However, the relevant improvement of the new Machine Learning methods lies in the bias of the energy reconstruction. In this respect, it is worth mentioning that the standard tools used to compute the high-level performance include an energy bias correction routine. This routine uses a polynomial fit of the projection along the reconstructed energy of the energy migration matrix to correct the reconstructed energy of the events. This routine is applied by default in order to provide high-level performance as that is affected as little as possible by energy reconstruction biases. However, the desirability of having a method that performs as well as possible in terms of energy bias prior to the application of this correction is a very important point for the analysis, especially with a view to the analysis of real data. Figure 17 show the on-axis point-like source energy bias achieved with A-SciSoft methods (blue points) and the best Machine Learning methods investigated in this work (orange points), before and after the application of the bias correction. From the plot on the left, it is evident that the new Machine Learning methods are much more effective, providing less bias in the energy reconstruction than the standard method currently implemented in A-SciSoft. It should be noted that the energy resolution curves shown in Figure 12 and Figure 13 were obtained prior to any application of an energy bias (and without considering optimized cuts for each analysis) and therefore show different behavior from that which is shown in Figure 17

10. Discussion

In this work, we have investigated novel Machine Learning techniques distinct from the existing methods implemented in A-SciSoft, the official data reduction and analysis software of the ASTRI project, and showed the effectiveness of their application on simulated ASTRI Mini-Array data.

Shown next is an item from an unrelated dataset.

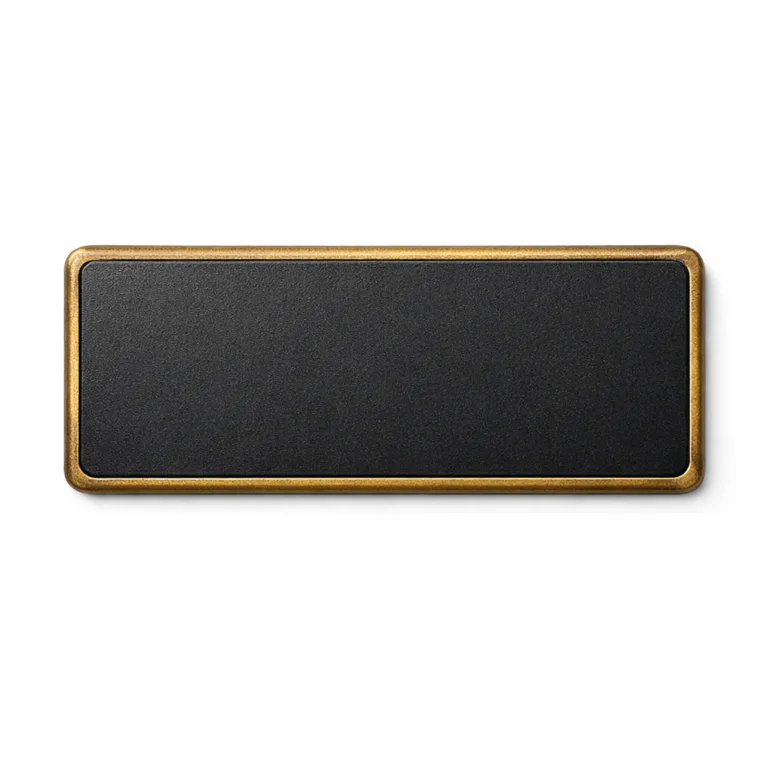 A detailed e-commerce product photo of a matte black nameplate with an antique brass-finished frame, sandblasted surface, crisp white engraving, and softened rounded corners.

We have restricted our studies to the case of on-axis gamma-ray analysis. Generalization to off-axis gamma-ray samples may be carried out in future works. However, given the rather flat acceptance of the ASTRI Mini-Array performance as a function of off-axis [7], we expect that the methods investigated in this work can also be effective in the off-axis case and give similar results, in terms of gamma/hadron separation and energy reconstruction, to those found in the on-axis analysis case.

We have assessed and compared several supervised Machine Learning methods for gamma/hadron segregation and energy estimation, including the Random Forest method, Extra Trees method, and Extreme Gradient Boosting (XGB). Through extensive testing and optimization, we identified two Stacking Ensemble methods as the most effective for our purposes.

For gamma/hadron segregation, the optimal Stacking Ensemble method was composed of 42% Extra Trees, 28% Random Forest, and 30% XGB. This composition was determined based on the performance of each individual method in the ensemble, and the specific values were derived through a process of hyperparameter tuning and cross-validation.

For energy estimation, the optimal Stacking Ensemble method was composed of 45% XGB, 27.5% Extra Trees, and 27.5% Random Forest. Once again, these weights were determined through extensive testing and optimization to provide the best performance for our specific dataset and analysis.

By carefully selecting and fine-tuning the composition of the Stacking Ensemble methods, we were able to achieve high accuracy and sensitivity in both gamma/hadron segregation and energy estimation.

We observe from the results shown in the previous sections that the proposed Stacking Ensemble methods demonstrate superior performance compared to the more classical Random Forest method for the ASTRI Mini-Array event reconstruction both for the energy resolution and bias and for the gamma/hadron discrimination.

The most significant results we obtained from our study can be summarized as follows:

The investigated new Machine Learning methods can provide a performance, in terms of sensitivity, angular resolution, and energy, that is in line if not better than the standard methods implemented in A-SciSoft (based on Random Forest);
In particular, the new energy reconstruction methods provide a significant reduction in the energy bias with respect to that obtained by the standard methods; this is particularly important in view of the reconstruction of real data (soon to be taken with the ASTRI Mini-Array);
The results obtained with the new reconstruction methods, which are completely independent of the standard ones, provide an important verification of the robustness of the current standard reconstruction chain implemented in A-SciSoft, which have already been used to obtain detection of the Crab Nebula source with the ASTRI-Horn prototype [26] and to evaluate the performance of the Mini-Array [7].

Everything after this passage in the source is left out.